The man had sent the priest a Christmas card shortly before the robbery.

Image: Shutterstock/Anneka

A ‘GOOD SAMARITAN’ priest gave a burglar a lift into Ennis town centre only minutes after making the shock discovery of finding the burglar hiding in his wardrobe.

Father Paddy Conway entered the Christmas spirit early by giving drug addict, Michael Clune, 30, a lift into Ennis after Clune had given back the €20 he had stolen in the burglary.

At Ennis District Court, Clune – who has 69 previous convictions – pleaded guilty to the burglary on 7 December at Cloughleigh, Ennis and received an eight month suspended jail term consecutive to the eight months in jail he is currently serving.

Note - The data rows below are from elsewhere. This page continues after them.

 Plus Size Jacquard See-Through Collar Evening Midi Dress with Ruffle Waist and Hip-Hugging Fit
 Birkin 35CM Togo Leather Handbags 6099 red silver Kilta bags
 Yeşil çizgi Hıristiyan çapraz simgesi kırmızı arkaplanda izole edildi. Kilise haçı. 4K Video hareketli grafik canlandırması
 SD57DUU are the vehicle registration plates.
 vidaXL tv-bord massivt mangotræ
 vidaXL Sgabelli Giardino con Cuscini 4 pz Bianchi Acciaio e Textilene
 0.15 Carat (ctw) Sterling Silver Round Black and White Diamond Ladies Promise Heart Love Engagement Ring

Clune of Bridgeview, Roslevan, Ennis is a regular before the local district court and addressing court, Judge Patrick Durcan said that “when you open your wardrobe, the last thing you expect to see is Mr Clune”.

He commented: “It is an appalling burglary.”

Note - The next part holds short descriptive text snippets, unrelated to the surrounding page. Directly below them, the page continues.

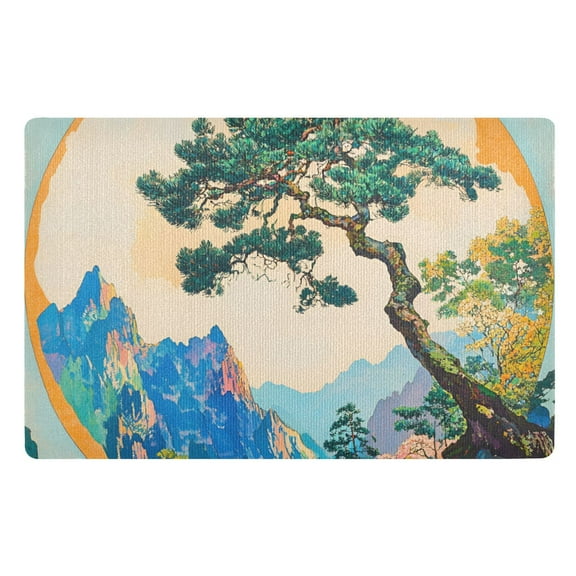 Yayeee Doormat for Indoor Entrance 32" x 20" Non Slippery Floor Rug, Large Pine Tree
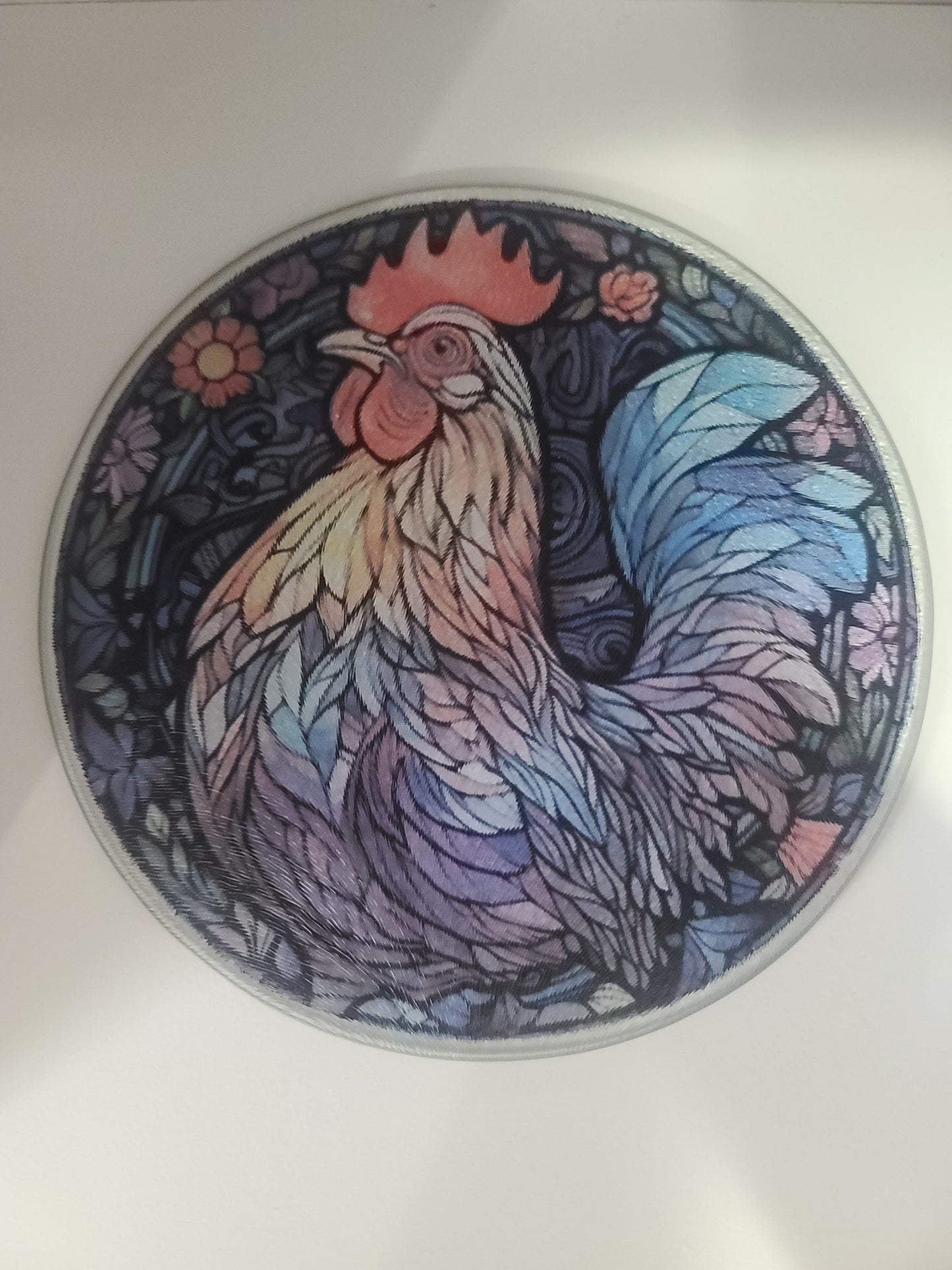Handcrafted Chicken Stained Glass Look Glass Trivet Cutting Board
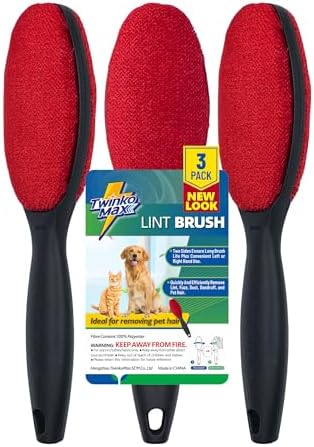 Twinko Max Lint Brush for Pet Hair, Reusable Lint Remover for Clothes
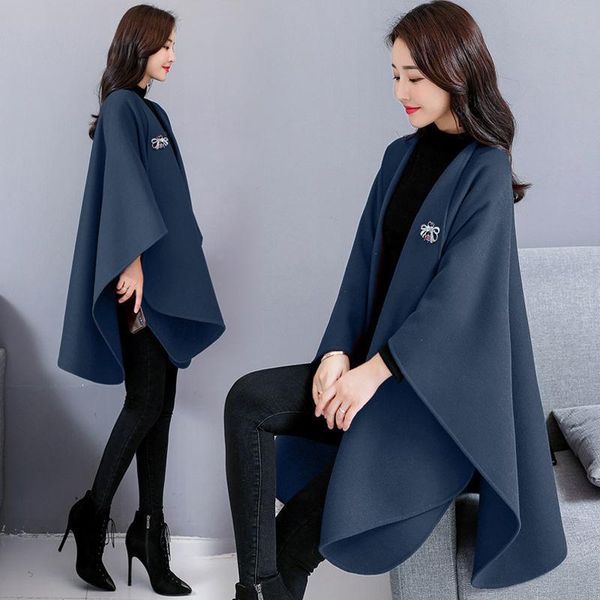 

women's wool & blends long sleeve longfeng cloak type spring and autumn 2021 small coat irregular cape, Black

Ironically, Father Conway – who is 73 and lives by himself – said that he had received a Christmas card from Clune only days before the burglary.

The Christmas card was delivered to the Presbytery in Ennis and Father Conway said yesterday: “Michael told me that he thought that the house was empty and didn’t know I lived there.”

Father Conway said that he has known Michael “since he was a young lad and I was disappointed that he would do something like this”.

The assistant priest in Ennis said that he left his home for 25 minutes and returned home to find a concrete block put through the window and glass all over the floor.

On searching the house, Father Conway found Clune hiding in his wardrobe and discovered that €20 was missing.

Fatherr Conway said: “I said more or less to Michael ‘I know your family and I know you since you’re a young lad and why would you do that to me?’ He asked me ‘will you drive me down town?’ and I said ‘I will but first you will have to give me my €20 back’”.

The priest said that Clune first denied that he took the €20 “and he started taking off his shoes and socks to prove that he didn’t have in his shoes. He swore by all the Gods in the world that he didn’t take it.”

Father Conway said:

I said either you give me back the money or I take you to the Garda and eventually he did give me the €20.

Father Conway drove Mr Clune into Ennis. Along the way Clune made a request for the priest to buy him methadone.

Father Conway said:

He asked me to buy him methadone and I told him I couldn’t do that.

The priest said that he decided to bring Clune to another local priest who Clune was friendly with.

The priest wasn’t around and Father Conway said that he left Clune “on reasonably good terms” at Ennis’s Cathedral.

However, on advice received, Father Conway reported the incident at the local Garda station resulting in the matter coming before court.

Asked if the incident had made him more anxious living by himself, Father Conway said: “No, no. Not one bit anxious, I would be much more anxious if it was someone I didn’t know.”

In court, Inspector Tom Kennedy said that Clune “has our hearts broken in the Gardai”.

He said: “It is difficult for me to say anything positive about Mr Clune.”

Solicitor for Clune, Tara Godfrey said that “it is a terrible thing that Michael did – the priest finding him in the cupboard”.

She said that Mr Clune is damaged from substance and alcohol abuse and had recently started smoking heroin.

After imposing sentence, Judge Durcan said: “It is up to Mr Clune if he wants to go back to prison or not.”

Addressing Clune, Judge Durcan said: “I hope things work out well for you in prison.”